It is also of interest to note the treatment accorded the obligation of the note and especially the interest obligation by O. H. Kruse and also by the corporation. In 1950 the corporation accrued $9,000 interest on this note obligation and took a deduction therefor although the note by its terms did not provide for any interest until January 1, 1951. Hobson, who either kept the books or supervised the bookkeeping, and who made out the corporation's return merely stated this was a mistake: "When the 1950 return was reviewed, that error was corrected." Hobson also said he made out Kruse's 1950 income tax return but for some reason neither the original nor copy of this return was made available so we do not know how O. H. Kruse treated the $9,000 interest item in that return. We do know that in 1951 the corporation accrued $12,000 interest on the note and took deduction therefor on the return prepared by Hobson, and O. H. Kruse in his return for that year reported the receipt of no interest. Hobson testified he made out Kruse's return and this was another "mistake". His name does not appear on this return as the person who prepared it. Again in 1952 the corporation accrued $12,000 interest on the note and took deduction therefor in the 1952 return made out by Hobson. In O. H. Kruse's return for that year he only reported receipt of $6,000 interest on the note. Again Hobson states this was a mistake. This return bears Hobson's signature as the person who prepared it but underneath there is typed: "Prepared from data submitted by taxpayer." In the 1953 return of the corporation and O. H. Kruse, both prepared by Hobson, there is the deduction of $12,000 interest on the corporation return and the report of receipt of $12,000 interest on the O. H. Kruse return.

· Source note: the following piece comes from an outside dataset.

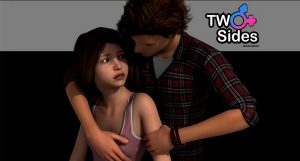 Greonogames – Two Sides (InProgress) Update Ver.0.07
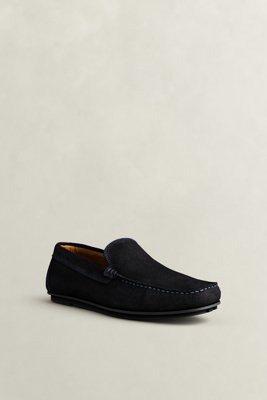 GANT Wilmon Low Lace Shoe Navy 42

There is some question as to the sufficiency of the book entries to show interest accruals but we will assume Hobson, the certified public accountant, was at least correct, since 1951, in showing the interest accruals. It is no explanation for Kruse's and the corporation's accountant merely to say there were "mistakes" in the books and corporation income tax return for 1950, and in Kruse's income tax returns for the years 1950, 1951 and 1952. All of these so-called mistakes relate directly to the alleged interest obligation which was the subject of deduction by the corporation in the years in question. It is obvious the treatment of the interest obligation in these early years must be termed a mistake if petitioner is to argue the note presents an unconditional and legally enforceable obligation for the payment of $200,000. But this treatment of the interest obligation, standing unexplained by O. H. Kruse, is some evidence that casts doubt as to there being an intention to issue a legally enforceable obligation. There are other bits of evidence that also cast doubt upon there being an intention to create a real debt when O. H. Kruse caused the corporation he controlled to issue the note to him. The note was unsecured. Although the corporation paid its obligations, other than this note, promptly, it made no payment on the principal on this note until November 1955, which was after the issue as to whether this was a true corporate obligation had been raised by the revenue agent.

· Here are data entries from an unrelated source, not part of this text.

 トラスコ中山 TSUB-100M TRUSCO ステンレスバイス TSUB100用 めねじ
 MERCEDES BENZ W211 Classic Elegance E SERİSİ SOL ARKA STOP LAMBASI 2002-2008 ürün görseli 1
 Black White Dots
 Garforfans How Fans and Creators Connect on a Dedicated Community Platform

Upon the whole record we hold petitioner failed to sustain its burden of proving the existence of an indebtedness to which the interest expense related.
Respondent makes an alternative argument with respect to the interest deductions for 1952 and 1953 to the effect that the corporation is barred by section 24(c) from deducting interest it accrued which was not actually paid to or includible in the gross income of O. H. Kruse within the taxable year that the deduction was taken or 2 1/2 months following the close thereof. Because of our holding that the interest deductions were properly disallowed because no genuine indebtedness existed, we need not consider this portion of respondent's argument. But respondent makes a similar argument based on his determination with respect to $12,000 rental deduction petitioner took in 1952 and the $12,000 rental deduction petitioner took in 1953, which deduction respondent also disallowed.

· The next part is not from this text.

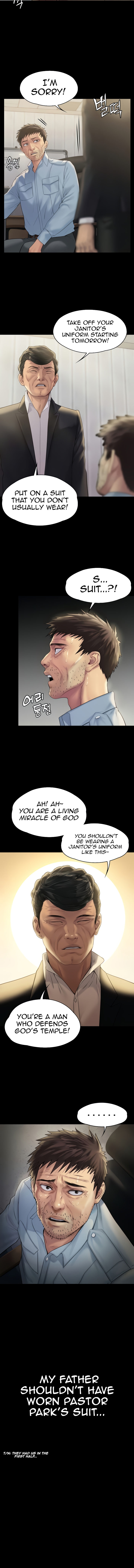 Queen Bee Chapter 178 image 11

The minutes of the corporation show the rental by the corporation, on a year to year basis, of all of the real property it occupied, which was owned by O. H. Kruse, consisting of two mills and a small house used for an office at a rental of $1,000 a month. No question is raised as to the amount of the rental being reasonable and the corporation accrued the $1,000 rental item each month. The rent of $12,000 for 1952 was not actually paid in that year to O. H. Kruse nor was it paid to him within 2 1/2 months thereafter. The books of the corporation show the issuance of a check to O. H. Kruse dated December 15, 1953 in the sum of $12,000 which Hobson identifies as being for rent. Respondent does not seem to question this evidence as being sufficient to establish petitioner's payment of the $12,000 rent deducted in its 1953 return. The question is whether the evidence is sufficient to show constructive receipt by O. H. Kruse of as much rent as the corporation deducted for the year 1952.
Petitioner argues the $12,000 yearly rental during the years involved was "constructively received" by O. H. Kruse - that under the doctrine of constructive receipt the $12,000 rental was includible in the gross income of O. H. Kruse. The record shows that O. H. Kruse did include the $12,000 rental as income in his return for all of the years, including the years in question. In his return for 1951 O. H. Kruse reported $21,000 rental income from the corporation for this property which Hobson explains as another one of his "mistakes."
The issue turns upon whether the rental income was set apart or credited to O. H. Kruse so that it could be drawn upon by him without any substantial limitation. Geiger & Peters, Inc., 27 T.C. 911. The record is not too clear but the journal entry each month shows a debit to "Rent" or "Rental Expense" and credit to "Accrued Rent." These journal entries were posted in the ledger sheets of the corporation entitled "Accrued Rent." Hobson, who set up the books, testified he did not think it necessary that the accrued rent account be further identified in the books as an obligation owed to O. H. Kruse because this was the property the corporation occupied, and it was identified in the minutes as being Kruse's property that the corporation was renting and it was the only property it rented and he and O. H. Kruse knew exactly to whom the rental account was owed. It is true that there is not the same need for a multiplicity of accounts or identity of accounts in a small wholly owned corporation, such as would be required completely to inform officers, directors, and stockholders of a corporation with many stockholders. It fairly appears from the books that the rent accrued during the the years in question was the rent due to O. H. Kruse of $1,000 a month for the property petitioner occupied. We also hold this rent was constructively received by O. H. Kruse in 1952. When we treat the accrued rent account in the ledger as being an accrued obligation owing to O. H. Kruse, who was, in effect, in sole control of the corporation, it must be admitted the accruals were subject to his "unqualified demand." Platt Trailer Co., 23 T.C. 1065. Without delving deeply into the corporate finances, it is clear the corporation could have paid the rental obligation in 1952, either out of cash, or from borrowing on its unused line of credit in the Bank of America, or by a secured loan pledging some $300,000 in accounts receivable. We have earlier held the rental for 1953 was paid. We hold petitioner was entitled to the rental deductions in the sum of $12,000 for each of the years 1952 and 1953.
Decision will be entered under Rule 50.